— Available data —
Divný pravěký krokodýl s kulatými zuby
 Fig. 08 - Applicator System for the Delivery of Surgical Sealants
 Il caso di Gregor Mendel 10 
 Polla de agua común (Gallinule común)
---
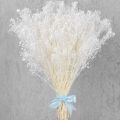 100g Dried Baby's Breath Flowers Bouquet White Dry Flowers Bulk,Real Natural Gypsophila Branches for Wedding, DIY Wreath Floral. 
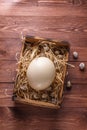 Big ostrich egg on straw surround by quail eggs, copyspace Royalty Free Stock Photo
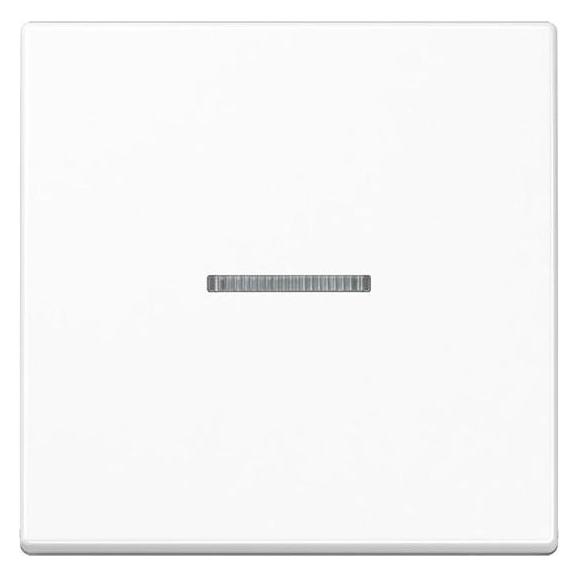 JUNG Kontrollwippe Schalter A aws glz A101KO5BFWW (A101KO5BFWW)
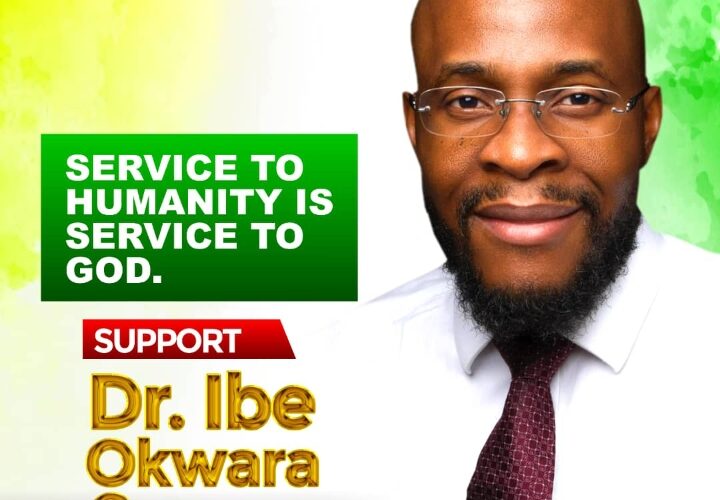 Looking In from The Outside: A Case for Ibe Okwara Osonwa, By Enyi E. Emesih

— Problem —
Using the records above, return verbatim only the part that opens with the line containing "100g Dried Baby's" and closes with the line containing "Looking In from"; pictures stay out.

— Result below —
 100g Dried Baby's Breath Flowers Bouquet White Dry Flowers Bulk,Real Natural Gypsophila Branches for Wedding, DIY Wreath Floral. 
 Big ostrich egg on straw surround by quail eggs, copyspace Royalty Free Stock Photo
 JUNG Kontrollwippe Schalter A aws glz A101KO5BFWW (A101KO5BFWW)
 Looking In from The Outside: A Case for Ibe Okwara Osonwa, By Enyi E. Emesih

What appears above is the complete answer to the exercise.